Implement a function that receives two IPv4 addresses, and returns the number of addresses between them (including the first one, excluding the last one).

All inputs will be valid IPv4 addresses in the form of strings. The last address will always be greater than the first one.

Examples

ips_between("10.0.0.0", "10.0.0.50")  ==   50 
ips_between("10.0.0.0", "10.0.1.0")   ==  256 
ips_between("20.0.0.10", "20.0.1.0")  ==  246


本渣渣的方案，splite，然后求值

import java.util.concurrent.atomic.AtomicLong;
import java.util.stream.IntStream;
public class CountIPAddresses {

  public static long ipsBetween(String start, String end) {
    return getNum(end)- getNum(start);
  }
  
  public static long getNum(String string) {
    String[] strings = string.split("\\.");
    AtomicLong sum = new AtomicLong();
    IntStream.range(0,strings.length).forEach(i->{
      Integer is = Integer.valueOf(strings[i]);
      sum.addAndGet((long)(is * Math.pow(256,strings.length-i-1)));
      
    });
    return sum.get();
      
  }
}

大佬的解决方案，把乘方放到循环中算，比如最开始的一位会算4次256即256的4次方。

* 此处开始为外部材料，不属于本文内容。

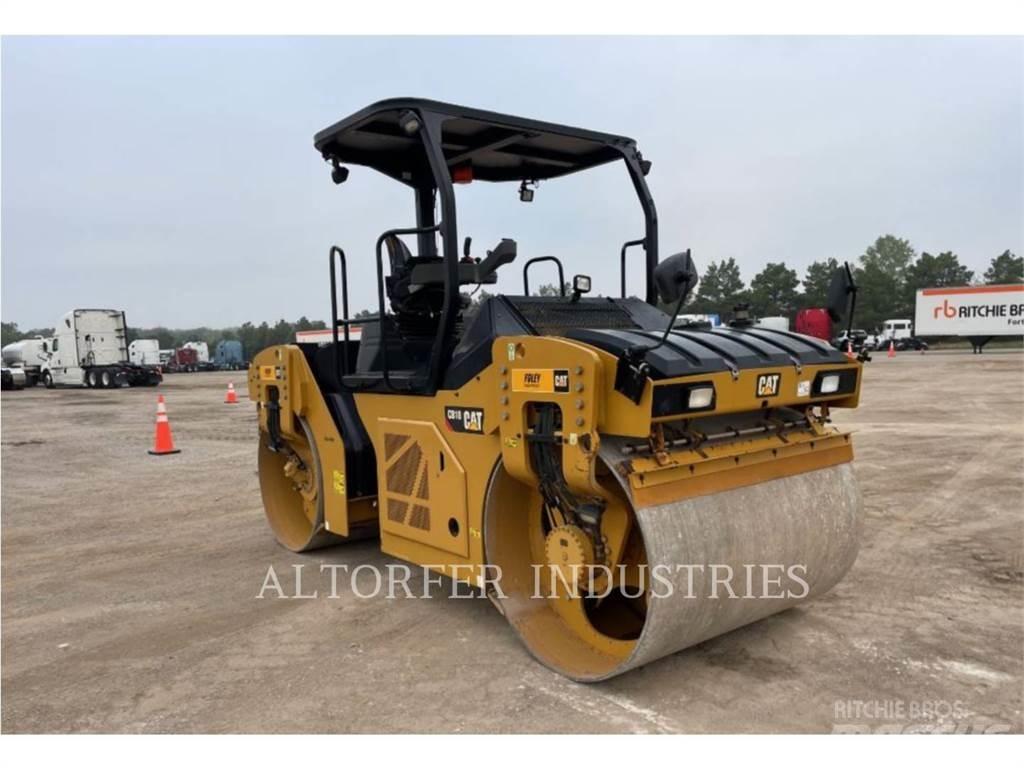 CAT CB10 Divvalču grunts veltņi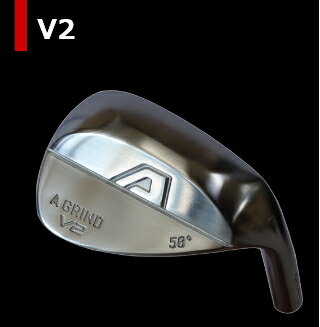 【送料無料・カスタム】ADESIGN GOLF A GRIND V2 WEDGE ヘッド単体 + カスタムシャフト装着！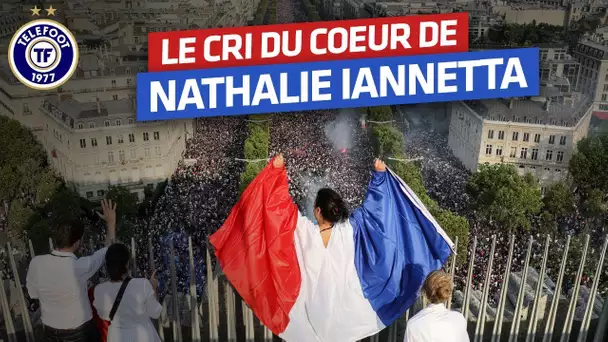 Le cri du coeur de Nathalie Iannetta pour le sport en France !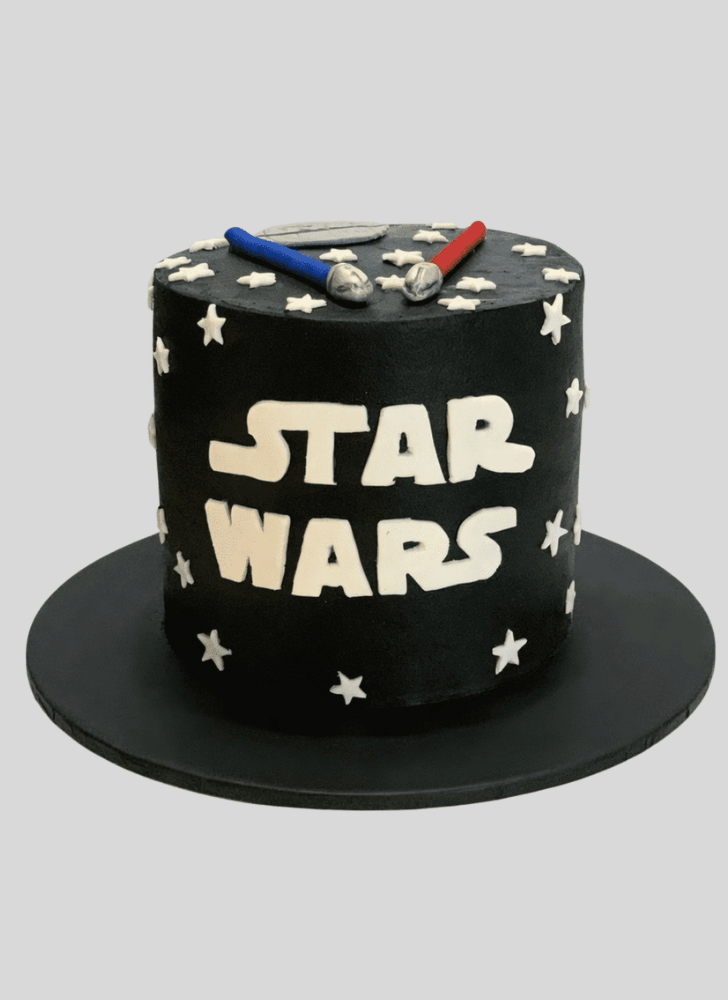 Magnetic Star Wars Cake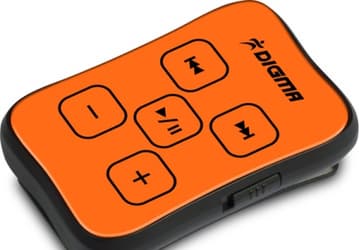MP3-плеер Digma MP600 – оранжевый минимализм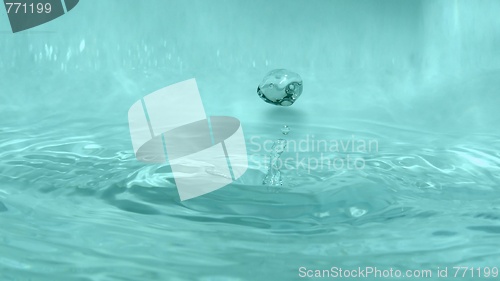 Image of Water drop droplet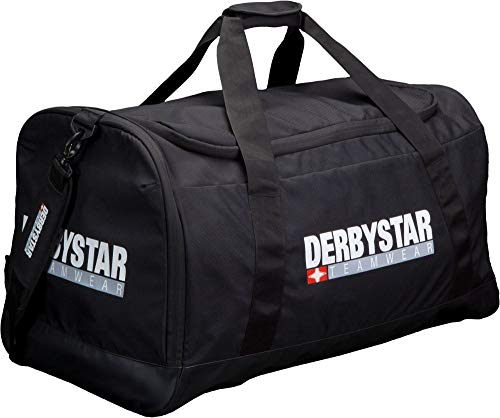 Derbystar Hyper Unisex Teamtasche, schwarz, 68 x 42 x 40 cm von Derbystar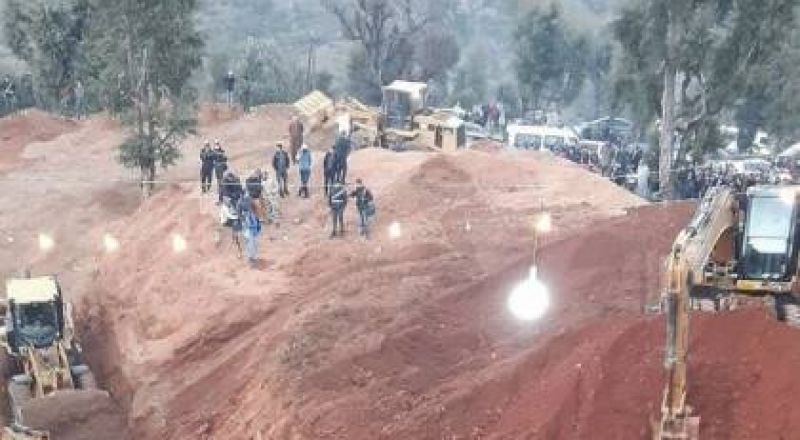 المغرب- امتار قليلة جدًا تفصل فرق الإنقاذ عن موضع الطفل ريان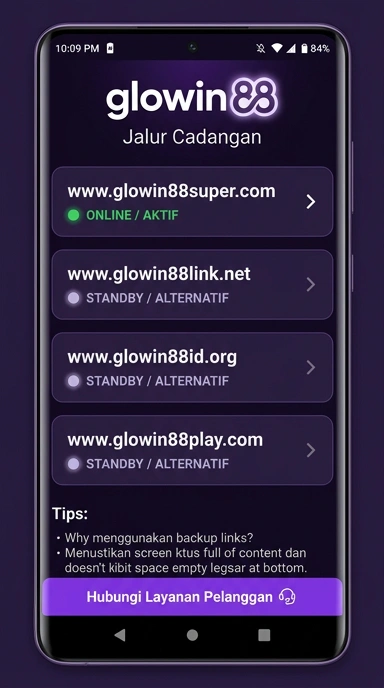 Link Alternatif glowin88 untuk Akses Mudah
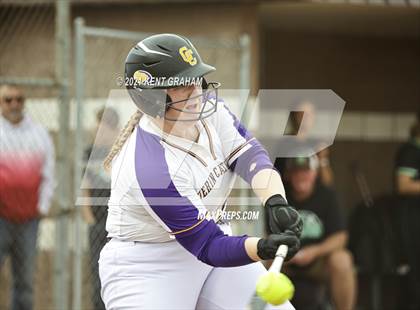 Thumbnail 2 in Guerin Catholic vs Yorktown (IHSAA Sectional Championship) photogallery.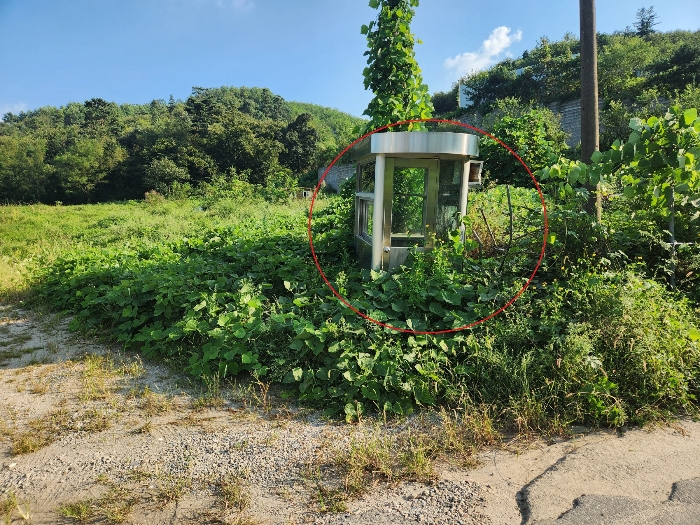 본건 기호(2) 지상 간이구조물 1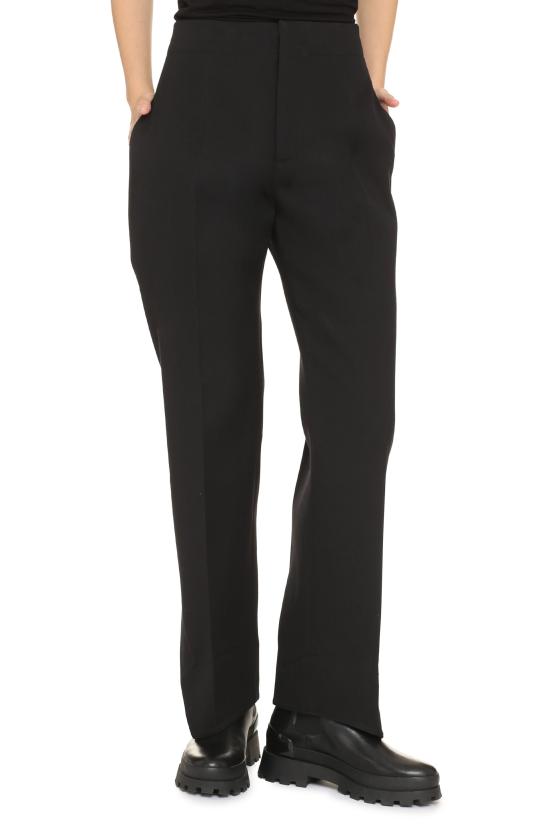  보테가베네타 스트레이트 팬츠 756722 BLACK - BOTTEGA VENETA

public class CountIPAddresses {

  public static long ipsBetween(String start, String end) {
    return convertToLong(end) - convertToLong(start);
  }
  
  private static long convertToLong(String ip) {
    long res = 0;
    for (String s : ip.split("[.]") )
      res = res * 256 + Long.parseLong(s);
    return res;
  }
}